1. Law and the options: why members can return or donate pay
The Constitution and subsequent practice mean members’ compensation is protected and disbursed even during funding lapses; that legal structure leaves the choice to individual members to accept, donate, return to the Treasury, or have pay withheld — a discretion reporters repeatedly note in 2025 coverage [1] [2]. Government Executive and Marketplace explain members can legally be paid during shutdowns but often “donate” or ask for withholding to avoid the optics of being paid while other federal employees are furloughed [2] [1].
2. Frequency in practice: how often do lawmakers repay or forgo pay?
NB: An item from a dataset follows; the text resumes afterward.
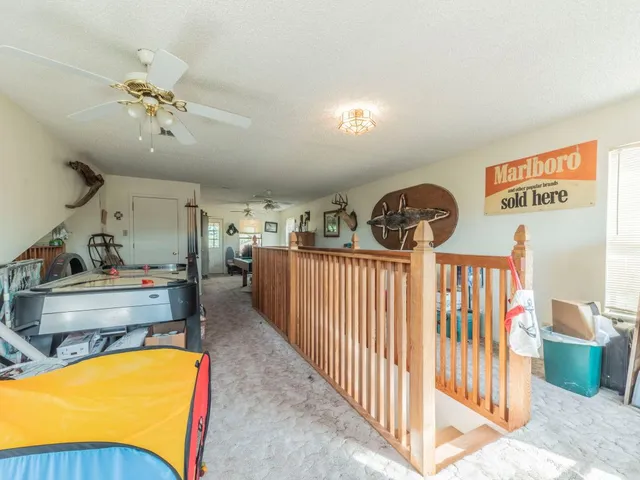 a view of a bedroom with furniture staircase and ceiling fan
Historical coverage shows opting out is a recurring tactic. During the 2018–2019 35-day shutdown at least 102 members publicly pledged to forgo or donate their salaries — roughly one in five members at that time — and reporting from 2025 indicates an even larger share in that year’s shutdown, with “nearly 4 in 10” House members not taking pay according to ABC News [3] [4]. These figures show repayment or refusal occurs often enough to be a predictable political response during high-profile funding standoffs [3] [4].
3. Motivation: political signaling vs. fiscal effect
Reporting frames these repayments as largely symbolic. Squared Compass and Roll Call note members use donated or withheld pay to signal solidarity with furloughed workers and to shift public perception about accountability for shutdowns; those donations rarely change the underlying budget calculus [3] [5]. Media and think-tank pieces also treat the practice as messaging rather than a structural policy reform that would prevent future pay during shutdowns [3] [5].
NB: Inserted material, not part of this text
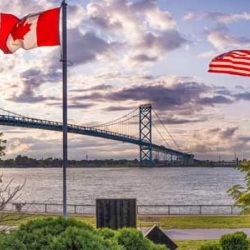 US and Canada flags by a bridge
4. Variability and transparency: who reports and how complete is the data?
News surveys and office statements drive most counts of who gives back pay. ABC News’ survey covered reachable offices and estimated “nearly 4 in 10” House members declined pay; Squared Compass compiled lists of lawmakers pledging to forgo pay in 2025 [4] [3]. Available sources do not present a single official tally maintained by the House or Senate disbursing offices in real time; reporting relies on public pledges and office confirmations, so totals can change and likely undercount private decisions [3] [4].
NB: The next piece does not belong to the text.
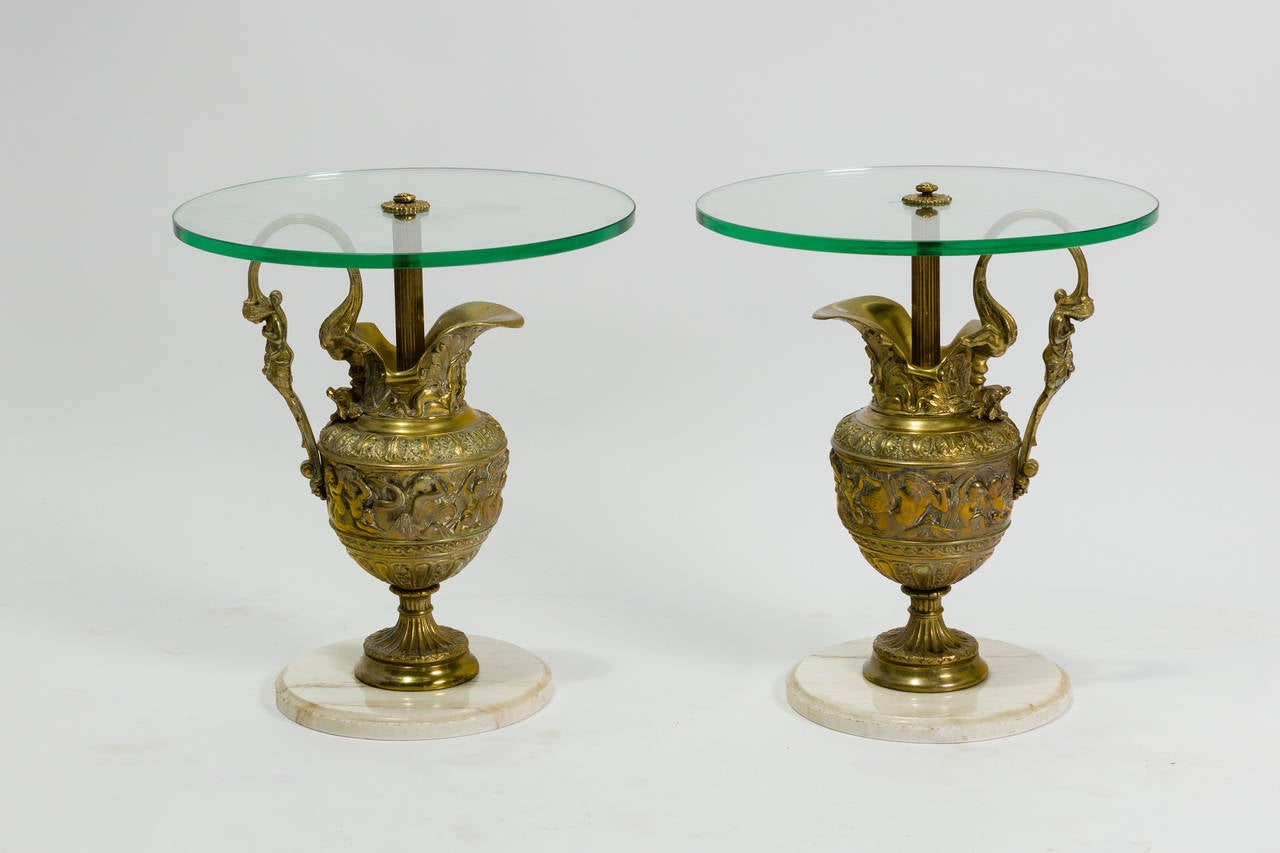 Pair of classical bronze urn side tables with glass tops and marble bases.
5. Broader fiscal context and trade-offs
Analysts caution that even full-scale refusals by individual members have limited budgetary effect. Coverage about back pay and automatic cost-of-living adjustments emphasizes that the more consequential fiscal issues are statutory pay rules and COLA freezes, which affect long-term totals; organizations like the National Taxpayers Union and Congressional Budget Office analyses focus on those larger-dollar dynamics rather than one-off donations [6] [7]. Thus repayment-for-optics does not substitute for structural reforms some advocates call for [6] [7].
6. Competing viewpoints and implicit agendas
Media coverage treats repayments two ways: as sincere solidarity (members say they refuse pay out of principle) and as political theater (opponents argue it’s symbolic posturing). Outlets such as Roll Call and Marketplace note lawmakers introduce bills or make pledges that are “messaging bills” to highlight federal-worker pain, while conservative-leaning taxpayer groups emphasize the cost of congressional pay and pensions to argue for harder rules [5] [7]. Each source’s focus — accountability, symbolism, fiscal impact — shapes how common and consequential the practice appears.
7. Bottom line for readers
Returning, donating, or withholding pay is a common, well-established response by members of Congress during high-profile funding crises: frequent enough to make headlines and to affect public narratives, but limited in fiscal impact and tracked imperfectly by journalists relying on office statements [3] [4]. Available sources do not mention a permanent, consistently enforced mechanism that automatically prevents congressional pay during shutdowns; instead the practice remains individual and voluntary [1] [2].